We may limit these opportunities where the burden or expense of honoring a request would be disproportionate to the risks to your privacy, or where the rights of persons other than you would be violated. Other reasons for denying requests or limiting access include (a) interference with the execution or enforcement of the law or with private causes of action, including the prevention, investigation, or detection of offenses; (b) breaching a legal or other professional privilege or obligation; (c) prejudicing security investigations or grievance proceedings or in connection with succession planning and corporate re-organizations.
Please contact firstname.lastname@example.org to request access to your Personal Data. If access cannot be granted, we will respond with a reason for denying your request.

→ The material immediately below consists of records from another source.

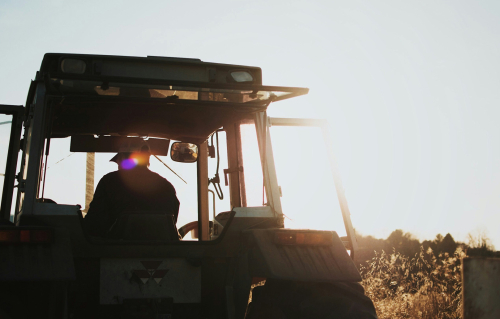 El impacto del cambio climático en la producción de vinos y licores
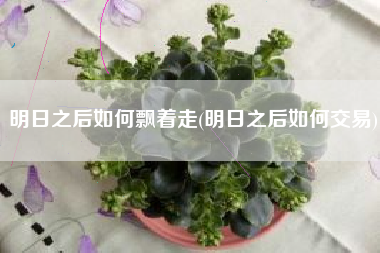明日之后如何飘着走(明日之后如何交易)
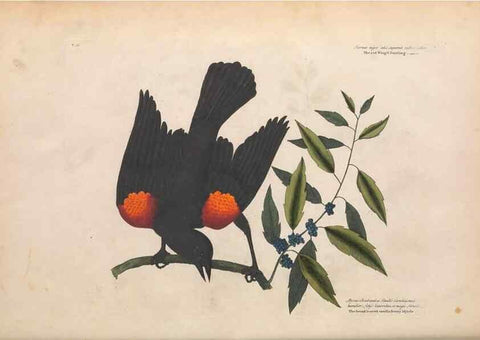 Reproducción/Reproduction 49456855761: The natural history of Carolina, Florida, and the Bahama Islands :. London :Printed for B. White,1771.. 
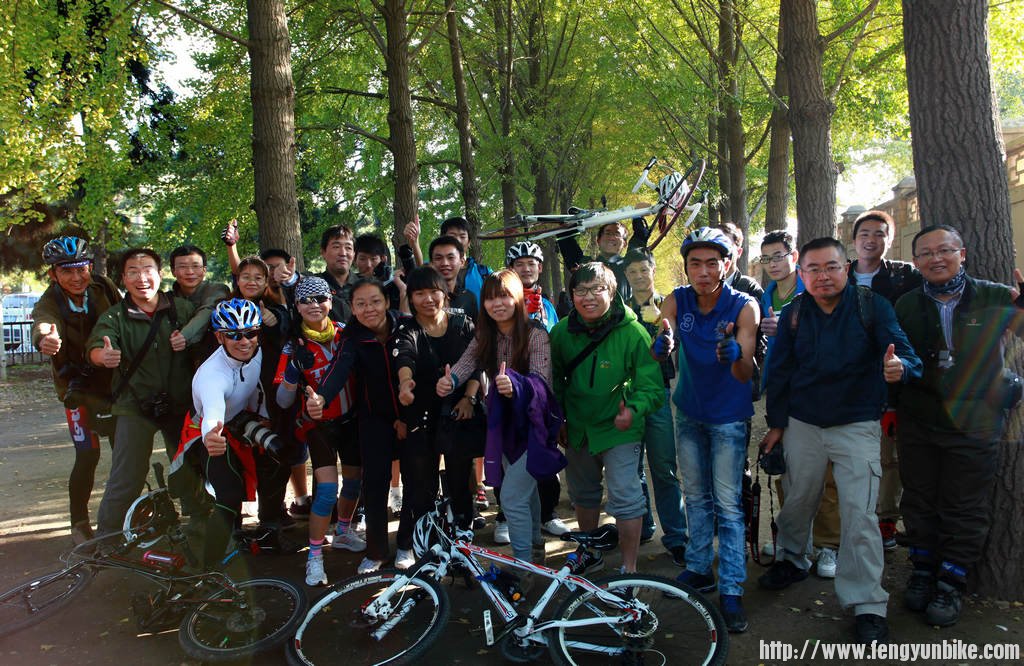 钓鱼台银杏林摄影实战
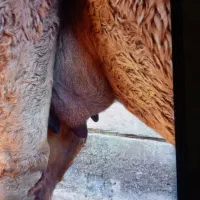 شتر شیری|حیوانات مزرعه|آق قلا, |دیوار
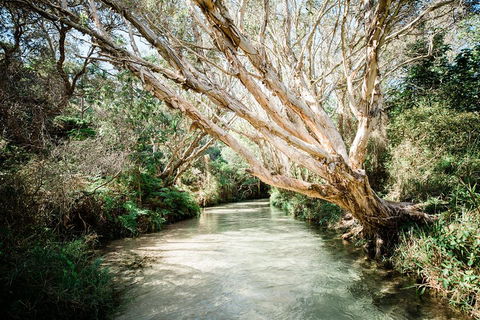 3-Day Fraser Island Resort Package - Accommodation Bookings 5
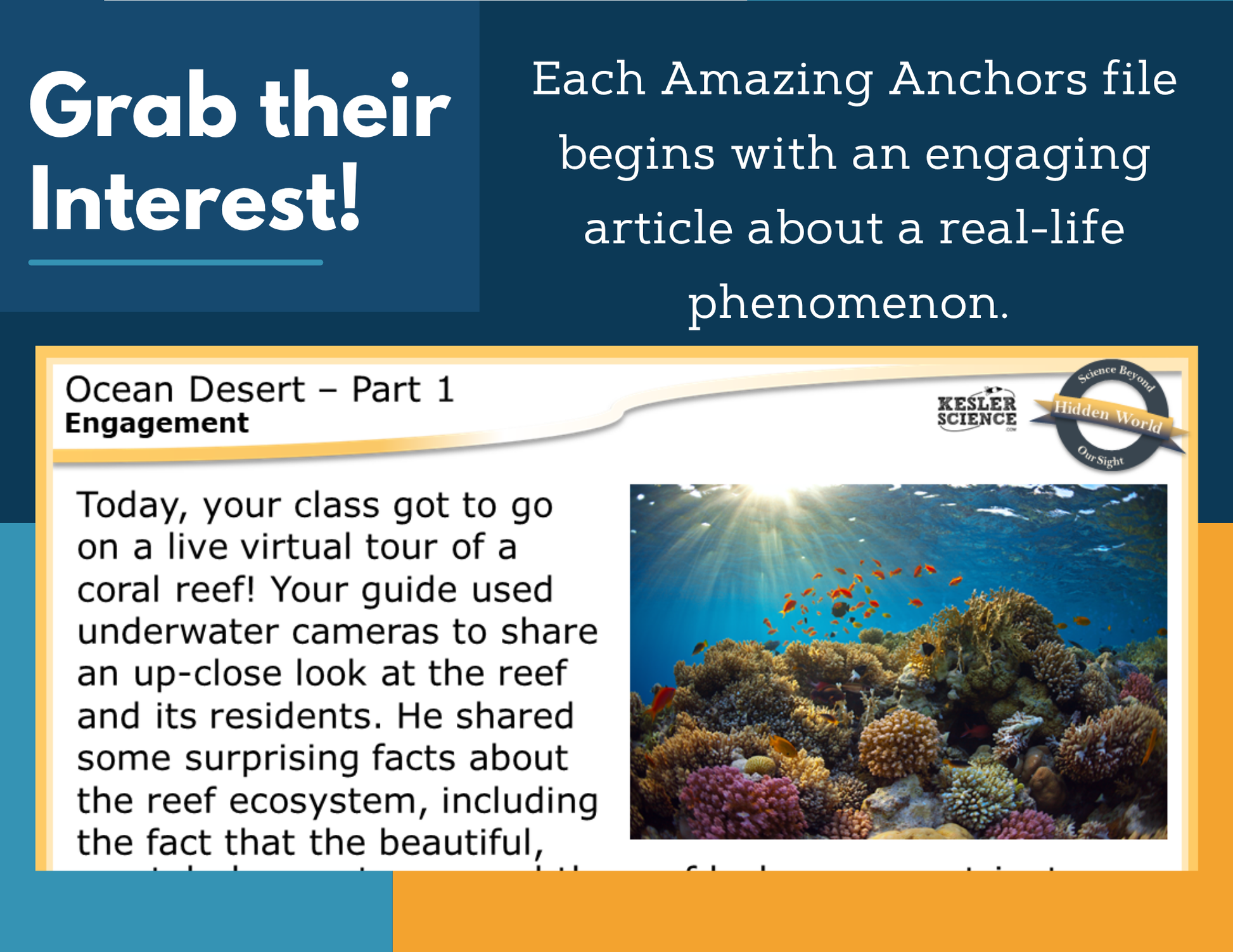 Amazing Anchors Role of Photosynthesis (Ocean Desert) - NGSS MS LS1-6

If a complaint regarding Personal Data cannot be resolved through our internal processes, we will cooperate with applicable data protection authorities to address a complaint and provide appropriate recourse.
4. Control and Security
4.1 Integrity and Confidentiality
We take reasonable and appropriate measures to secure your personal information from accidental loss and from unauthorized access, use, alteration, and disclosure. Unfortunately, the transmission of information via the internet is not completely secure. Although we do our best to protect your personal information, we cannot guarantee the security of your personal information transmitted to our Website. Any transmission of personal information is at your own risk. We are not responsible for circumvention of any privacy settings or security measures contained on the Website.
· 4.2 Data Breach
If a breach of Personal Data occurs, we will notify the relevant authorities within 72 hours, or as otherwise required by applicable law, subject to likelihood of risk to the Customer or Site Visitor. Affected Customers or Site Visitors will also be notified regarding the breach.
· 5. Record Keeping
As required by applicable law, we will maintain relevant records of:
1. The purposes of Personal Data processing;
2. The categories of data subjects and of Personal Data processed;
3. The categories of recipients, including those in third countries;
4. The countries to which Personal Data will be transferred and the instrument used to provide an adequate level of protection;
5. Where possible, the envisaged retention periods for different categories of Personal Data; and
6. A general description of the security measures used to protect Personal Data.
These records shall be provided to data protection authorities upon request.